ISA Focuses on Diversification
Luis Fernando Alarcon, CEO of Colombia-based ISA is focused on diversifying away from energy transmission. “We have determined that we want to grow in other areas such as highway concessions and gas pipelines, among others,” he tells LatinFinance. “By 2016, we want 20% of our income to come from these other sectors,” Alarcon adds. ISA is in the process of finalizing the acquisition of a 60% stake in Cintra Chile from Spain’s Grupo Ferrovial for about $300m. It plans to exercise an option to buy the remaining 40%. “Cintra expects to finish its Ruta 5 project in Chile in a few months and we want to have the support of [Grupo Ferrovial] until that project is completed. After that we would begin working on acquiring the remaining stake,” Alarcon explains. ISA recently won Autopista de la Montana, 40-year concession which will require an investment of $2.5bn. Alarcon expects construction to begin in 2011. Elsewhere, ISA is developing fiber optic networks through its Intenexa unit, which already operates in Ecuador, Peru and Colombia. “We aspire to connect all of South America and Central America,” Alarcon says. The diversification strategy does not entail divesting electricity transmission, the executive notes. ISA is working on an environmental impact study to build and operate an electrical interconnection line between Colombia and Panama, a project it will develop with joint venture partner Etesa of Panama. BBVA is helping ISA secure financing for the project. Alarcon says ISA has already received expressions of interest from multilaterals including the IDB, CAF and IFC, as well as private banks.

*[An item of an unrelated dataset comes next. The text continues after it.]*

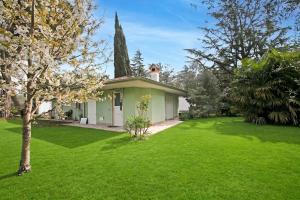 Sara’s Garden Home - Happy Rentals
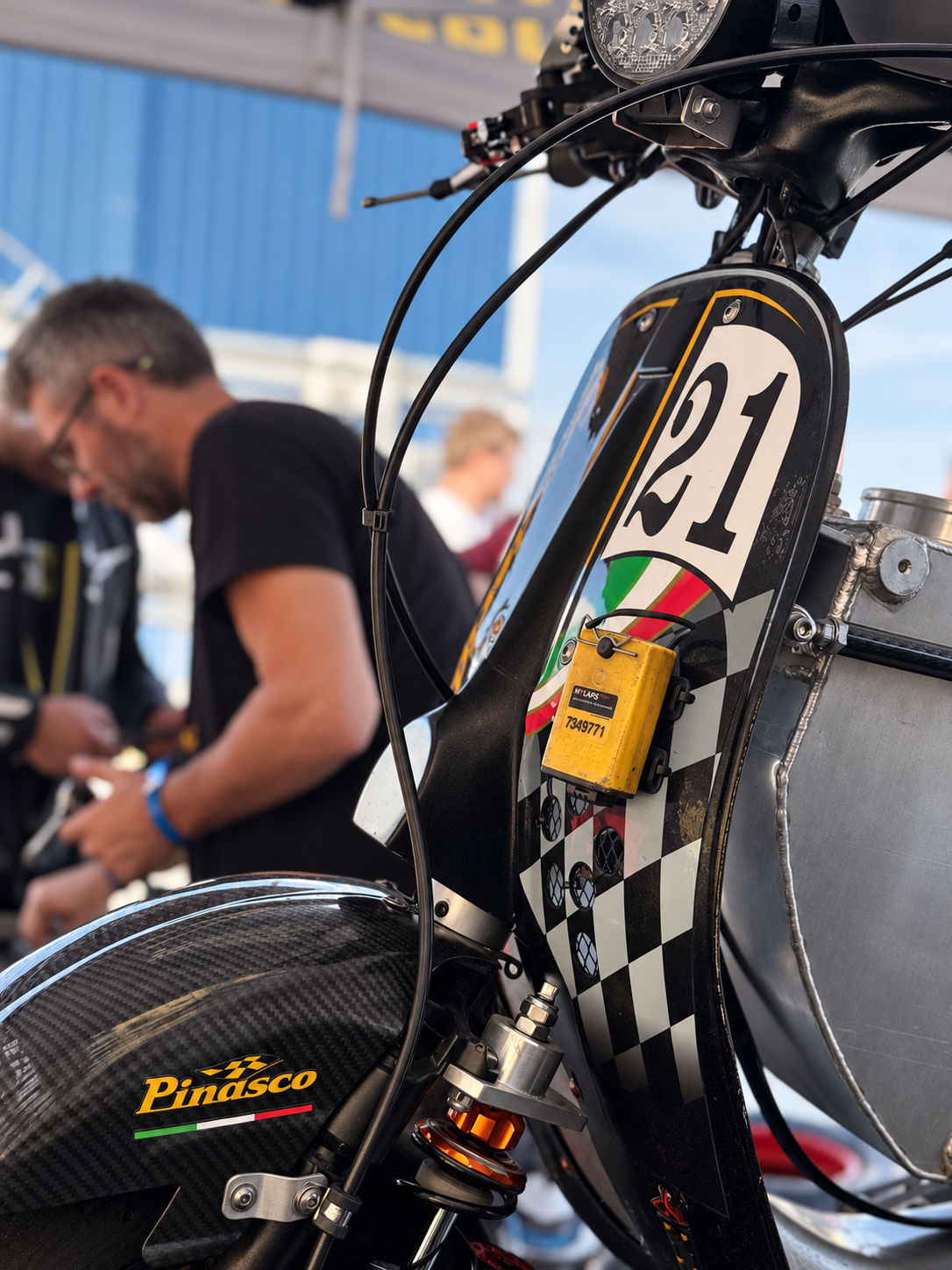 Dettaglio della Vespa Pinasco numero 21 nel paddock.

StanChart Names Private Banking Head
Standard Chartered has named John Leto president and CEO of its Americas private banking unit, it says. Leto is based in Miami and reports to David Stileman, CEO Americas and Marianne Hay, head of private banking for Europe, Americas and MENA. He joins from a startup private bank Alpha Capital Financial, where he was a partner, after holding different positions at Citi, including Chief administrative officer at its private bank. Leto replaces Diego Folino, who will move to another role at Standard Chartered that has not been announced yet.
JBS Sticks to US IPO Plans: Reports
JBS, the Brazilian meatpacker, plans to continue with plans to issue shares in US, though the timing of the deal has been delayed, CEO Joesley Batista told local news outlets in Sao Paulo Monday. The executive says the offering, expected to be worth $2bn, won’t occur until after the company release Q4 results and may occur during H1. The original timeline involved a placement in January 2010. JPMorgan advised JBS in its acquisition of Bertin in Brazil and Rothschild and Rabo advised it on its US acquisition of Pilgrim’s Pride in Q4 2010. JBS is raising equity in the US through an IPO and in Brazil through a private share placement to help finance the deals and capitalize the companies. JBS also announced Thursday it has launched a tender offer for its 9.375% 2011 bonds, of which there are $275m outstanding. The company’s string of acquisitions last year triggered change of control clauses, forcing JBS to buy back the bonds. The buyback period goes through March 1. JBS was unavailable for comment.